(Work request):
Copy out the records precisely, omitting pictures.

- Opening Delimiter -

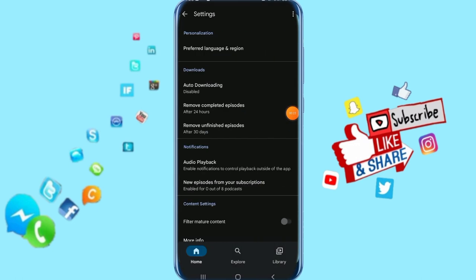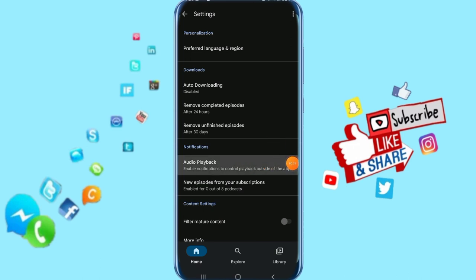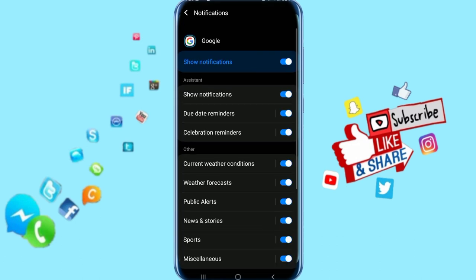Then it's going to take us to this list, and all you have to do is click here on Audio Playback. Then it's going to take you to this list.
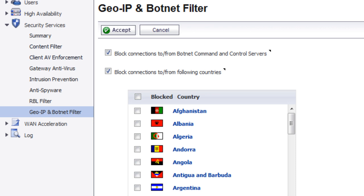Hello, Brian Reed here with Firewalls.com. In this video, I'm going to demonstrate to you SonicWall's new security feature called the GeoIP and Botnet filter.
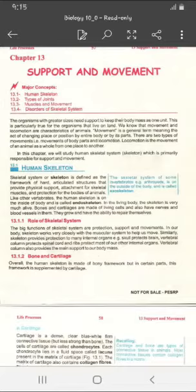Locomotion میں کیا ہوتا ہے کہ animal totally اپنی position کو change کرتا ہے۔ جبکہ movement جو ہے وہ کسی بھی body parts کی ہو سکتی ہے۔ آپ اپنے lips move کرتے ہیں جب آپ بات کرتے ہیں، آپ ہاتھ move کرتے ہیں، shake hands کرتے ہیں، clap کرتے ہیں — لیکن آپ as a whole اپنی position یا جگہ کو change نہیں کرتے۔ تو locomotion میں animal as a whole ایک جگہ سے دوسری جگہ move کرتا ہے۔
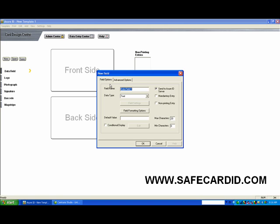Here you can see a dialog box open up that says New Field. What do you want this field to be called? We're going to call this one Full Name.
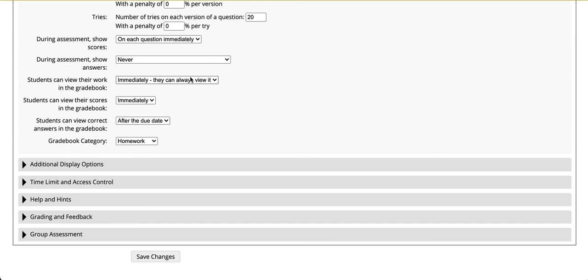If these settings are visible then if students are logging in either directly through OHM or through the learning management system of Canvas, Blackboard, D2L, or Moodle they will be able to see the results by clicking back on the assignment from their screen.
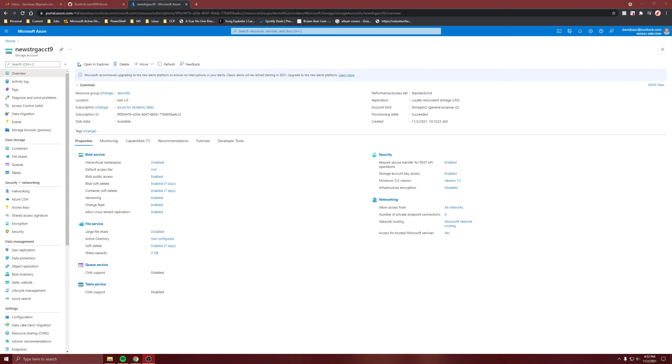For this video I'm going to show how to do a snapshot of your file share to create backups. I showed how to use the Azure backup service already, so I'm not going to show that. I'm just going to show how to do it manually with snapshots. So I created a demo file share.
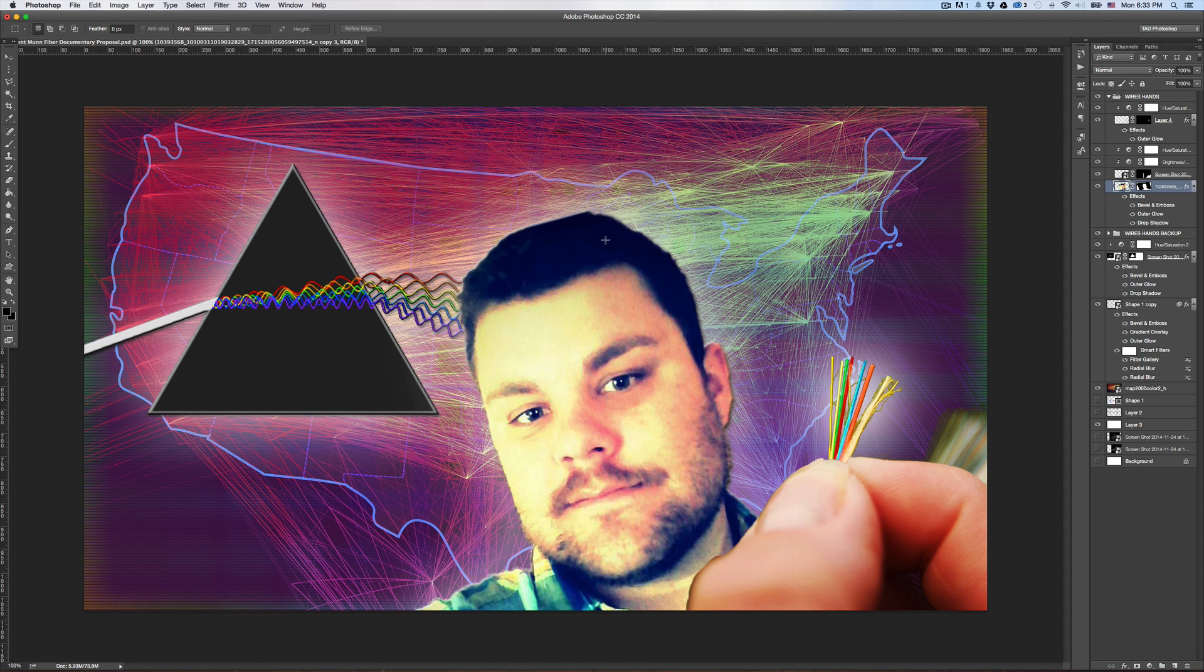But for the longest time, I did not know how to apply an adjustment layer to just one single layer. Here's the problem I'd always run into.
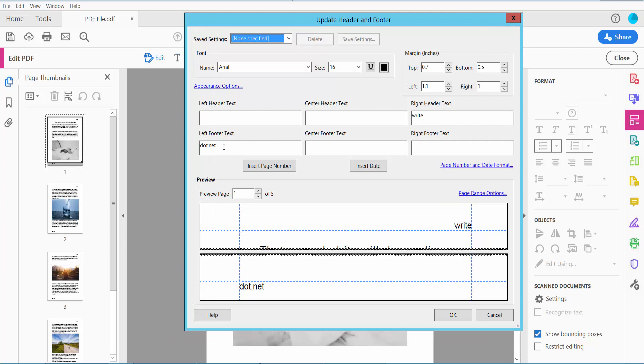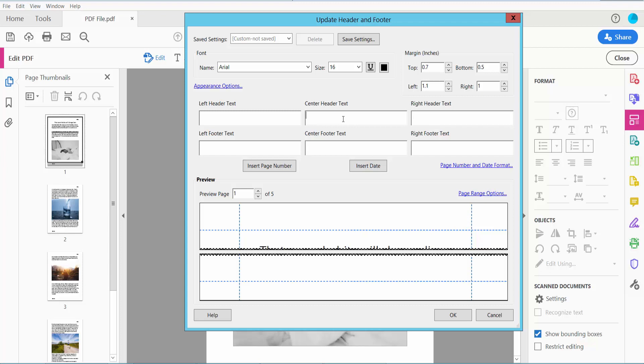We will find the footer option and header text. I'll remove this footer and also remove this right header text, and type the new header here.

- Closing Delimiter -

(Solution to the problem):
Then it's going to take us to this list, and all you have to do is click here on Audio Playback. Then it's going to take you to this list.
Hello, Brian Reed here with Firewalls.com. In this video, I'm going to demonstrate to you SonicWall's new security feature called the GeoIP and Botnet filter.
Locomotion میں کیا ہوتا ہے کہ animal totally اپنی position کو change کرتا ہے۔ جبکہ movement جو ہے وہ کسی بھی body parts کی ہو سکتی ہے۔ آپ اپنے lips move کرتے ہیں جب آپ بات کرتے ہیں، آپ ہاتھ move کرتے ہیں، shake hands کرتے ہیں، clap کرتے ہیں — لیکن آپ as a whole اپنی position یا جگہ کو change نہیں کرتے۔ تو locomotion میں animal as a whole ایک جگہ سے دوسری جگہ move کرتا ہے۔
Here you can see a dialog box open up that says New Field. What do you want this field to be called? We're going to call this one Full Name.
If these settings are visible then if students are logging in either directly through OHM or through the learning management system of Canvas, Blackboard, D2L, or Moodle they will be able to see the results by clicking back on the assignment from their screen.
For this video I'm going to show how to do a snapshot of your file share to create backups. I showed how to use the Azure backup service already, so I'm not going to show that. I'm just going to show how to do it manually with snapshots. So I created a demo file share.
But for the longest time, I did not know how to apply an adjustment layer to just one single layer. Here's the problem I'd always run into.
We will find the footer option and header text. I'll remove this footer and also remove this right header text, and type the new header here.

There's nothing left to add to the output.